Elsewhere, right-wing news outlets prominently featured Wright's legal history, an approach critics said amounted to downplaying the injustice of his killing by the police.
Documents for two cases Insider reviewed are publicly available via a records website run by the Minnesota court system.
First case: Wright was accused of carrying a weapon without a permit and fleeing from the police.
Documents in the case are filed under 27-CR-21-4400.
They detail charges that Wright carried a pistol without a permit and ran from the police.
A complaint filed on March 4 said that Wright had had an encounter with the police on June 30 in Minneapolis.
It said officers responded to a call about a man with a gun and found Wright in a car with other people.
The complaint said Wright ran away from the officers, who chased but did not catch him. It said a loaded handgun was found in the car.
Another record showed that Wright was due to attend a court hearing via Zoom on April 2.
A warrant for Wright's arrest was then filed, suggesting he did not attend the hearing.
This was the warrant that the police were acting on over the weekend, officials told The Daily Beast.
Arthur Martinez, a public defender who represented Wright, told The Daily Beast that neither he nor Wright had ever seen that document. "He obviously didn't get it, and no one notified me," Martinez said.

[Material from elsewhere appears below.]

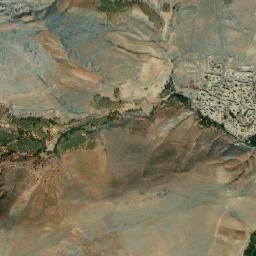 Chowtash map(satellite map)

The last document, submitted on Tuesday, said the case was being dismissed because of Wright's death.
Second case: Wright was charged with aggravated robbery.
Documents in the case are filed under 27-CR-19-29850.
In December 2019, Wright and another man were charged with first-degree aggravated robbery. They were accused of forcing their way into a woman's home and trying to steal $820 from her at gunpoint.
Wright was accused of breaking his bail conditions last July. Documents alleged that Wright was in possession of a gun and had failed to contact his bail officer.
The records said Wright was again detained but was released on bail in September.
Documents showed that he was due to appear in court this August. There is no evidence of outstanding warrants related to this case, meaning the police would have no reason to arrest him because of it.
Documents also showed cases that have concluded.
Wright was charged in August 2019 with a petty misdemeanor for disorderly conduct and fined. He also pleaded guilty to a petty-misdemeanor charge related to marijuana in August 2019.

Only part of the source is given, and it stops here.